Le cauchemar éditorial de Marie Chotek

Je fais souvent ce cauchemar énorme et dégoûtant.
 
Je reçois une énième lettre de refus de mon futur non-éditeur Dominique G., sadique et compatissant tout à la fois. Je sais qu'il est cruel de vous énoncer cet énième refus… mais je demeure pas tout à fait convaincu par votre style… croyez qu'il m'est douloureux de… etc. Le téléphone sonne alors, voix triomphale de Parfaite au bout du fil, JE SUIS PUBLIEE, MON RECUEIL DE NOUVELLES A ETE ACCEPTE DU PREMIER COUP PAR DOMINIQUE G. !!!!
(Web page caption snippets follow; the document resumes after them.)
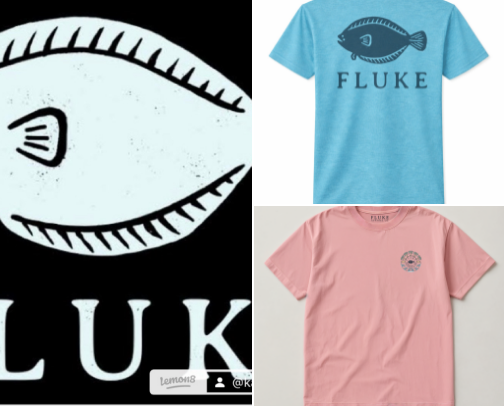     Everyday Style with Fluke Apparel cover photo collage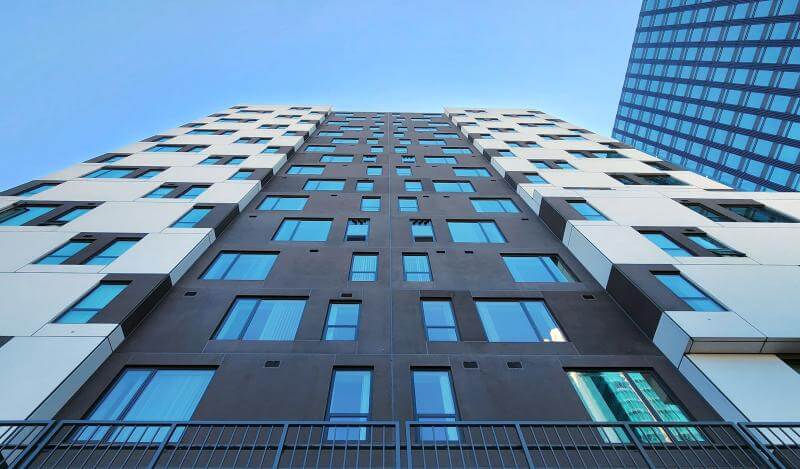 921 Howard | Tenderloin Neighborhood Development Corporation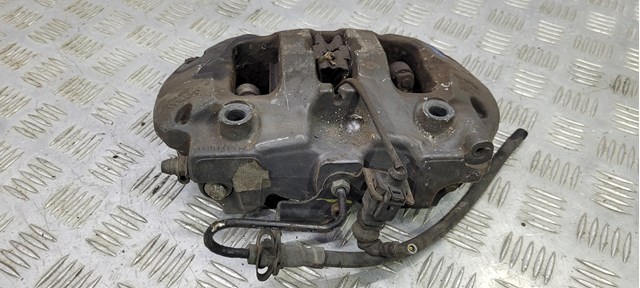 7P6615423F VAG Суппорт тормозной задний левый купить в Полтава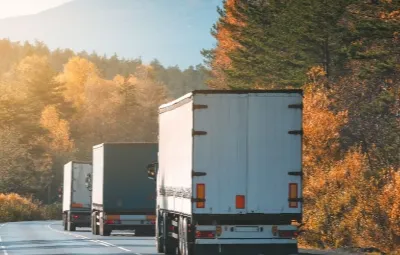 Adana ile Gevaş Arası Klima Taşıma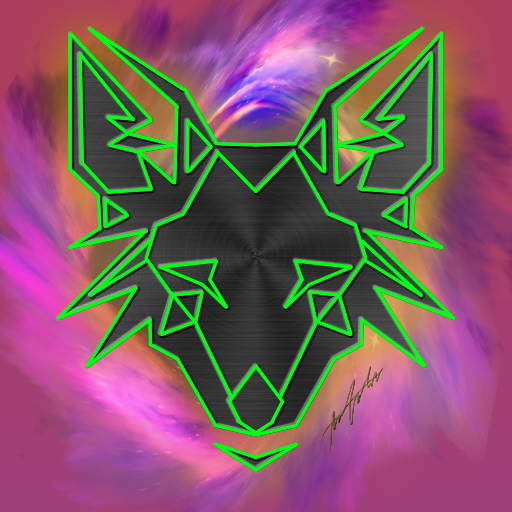Lil Foxxy #224 NFT on Algorand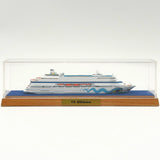 Conrad - CO-S - AIDAvita - 1:1250 - Waterline model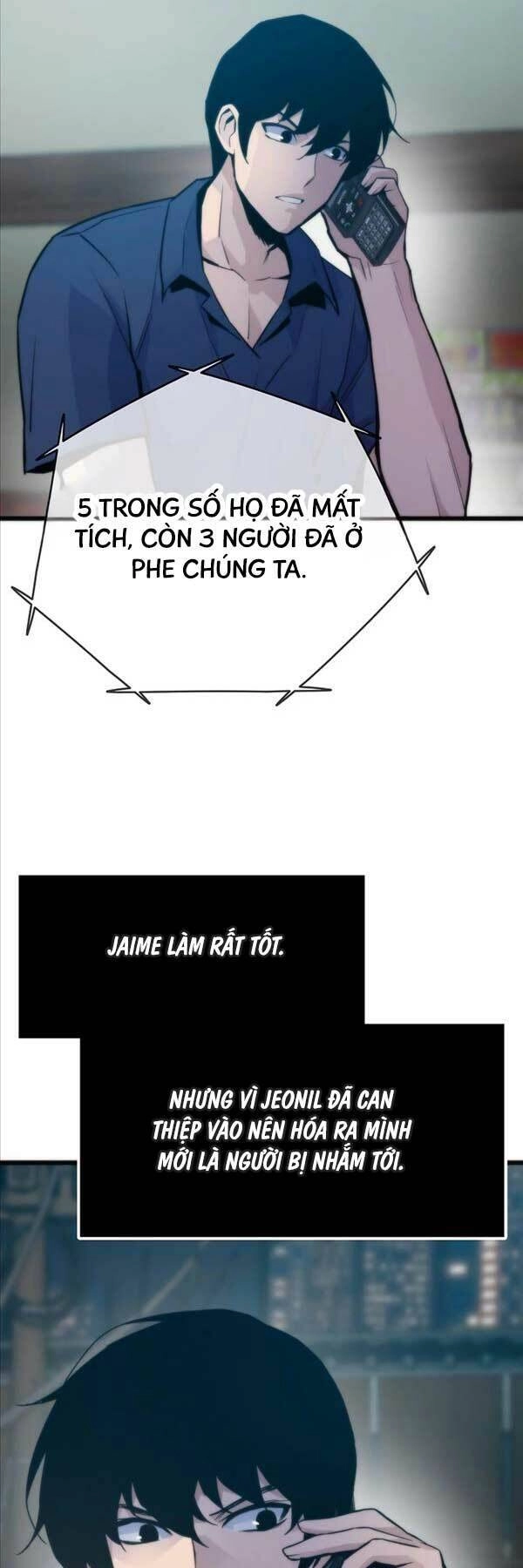 Hồi Quy Giả Chapter 52 - 31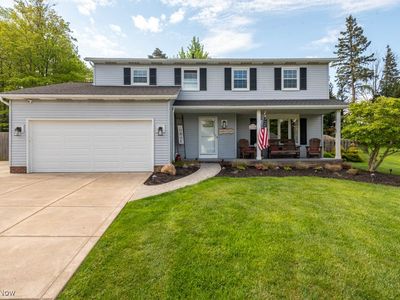 3703 Saint Petersburg Dr, Parma, OH, 44134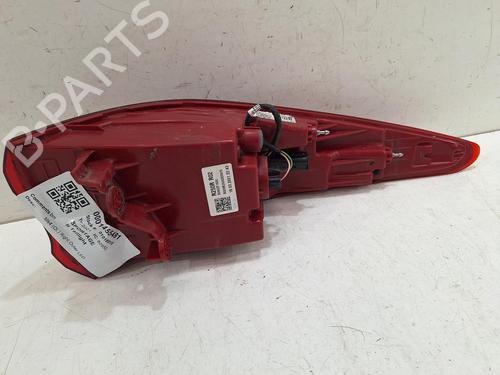 Right taillight KIA SPORTAGE IV (QL, QLE) 1.6 GDI | BP27181927C35 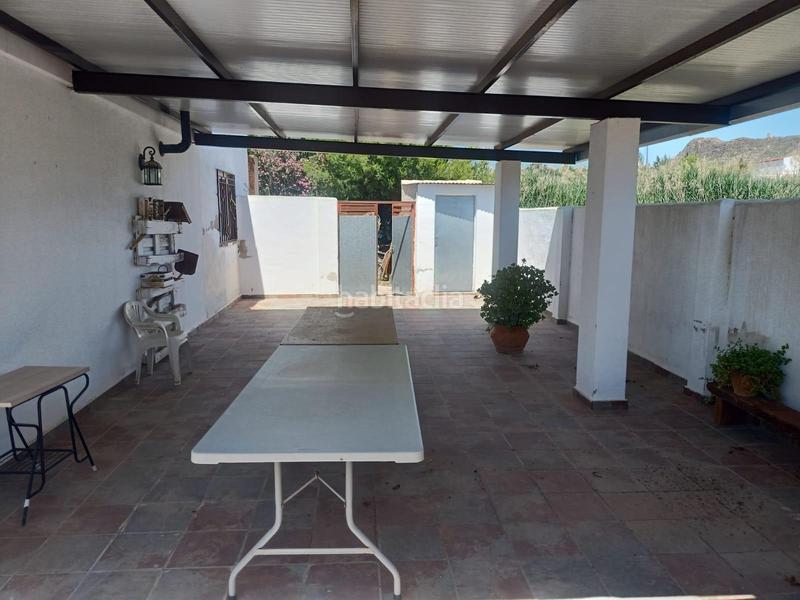 Foto d26fbe5d-d6cf-400e-8a0a-95d7c31cefb3. Chalet con riscaldamento parcheggio in Tobarra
Je suis effondrée. Folle de jalousie et de désespoir. Pourquoi toujours elle, pourquoi jamais moi ? Elle a déjà bien trop de choses dans sa vie, et moi, à part l'histoire de ma vénérable aïeule sur son pont à Sarajevo, j'ai quoi ?
 
Je sors aussitôt de Tintamarre, comme l'alcoolique pris de rechute, et je me rends à la Fnac. Une énorme pile du recueil de nouvelles de Parfaite trône à l'entrée du département littéraire. Sur la quatrième de couv, on voit la Parfaite, belle, blonde et bêlante, la bouche à demi-ouverte, avec ce portrait « Parfaite porte bien son nom. Voilà une jeune femme qui a tout pour elle. Belle, grande, mariée, deux enfants, un travail de cadre chez xxxxx, qu'elle a occupé après son diplôme d'HEC option parfums off-shore, elle est en plus une plume talentueuse… en dix petits portraits, drôles, enlevés, vifs et intelligents, elle dépeint admirablement ce qu'est la société française en ce début de millénaire… sa nouvelle notamment, qui donne le titre à son recueil, Je fais ce que je peux, et qui a pour sujet une princesse moderne et vieillissante, Erime Chako, une vieille fille qui parle aux objets et s'est inventée une vie d'artiste en devenir, est un pur délice d'absurdité et d'humour… à vif !
 
Il se trouve que Parfaite est également interviewée le soir même à la radio, alors que j'écluse trois bouteilles de porto pour tenter de tenir le coup, tandis qu'Ernesto me passe avec une grande gentillesse impuissante, mouchoir sur mouchoir en disant, c'est peut être pas toi, Erime Chako, faut pas juger trop vite… Parfaite explique comment elle écrit, d'où lui viennent ses fulgurantes inspirations, et son éditeur, le traître Dominique G. roucoule à ses côtés… j'ai de suite été emballé par le recueil de Parfaite, Je fais ce que je peux… tellement vrai, tellement juste et précis dans le style… et quand j'ai rencontré cette jeune femme, j'ai découvert une personnalité extraordinaire, intelligente et drôle… et modeste… et si belle avec ça… un cul mon dieu… et des nénés je vous dis pas… ce qui ne gâte rien hihi hahah hohoho.
 
Etc. Connard. J'éteints la radio et je songe à une méthode de suicide, sans douleur et avec possibilité d'atteindre Dominique G. en plein cœur (je n'ai pas su reconnaître à temps son immense talent, très chère slurp madame Chotek, puis-je publier votre fille post postument ?). Je m'écroule, fin cuitée, tandis qu'Ernesto répète, c'est peut être un canular, c'est peut être un canular…
 
Je me réveille en sueur, la bouche comme un poisson asphyxié chez Seveso, cherchant à tâtons l'interrupteur et ne parviens qu'à renverser la pile de mes manuscrits qui dorment à mes côtés, au cas où un voleur s'introduirait dans mon château pour venir me dérober cette manne non encore découverte (le pétrole, pendant des siècles, on n'a pas su quoi en faire hein).
 
Je mets au moins dix ans à me rendormir.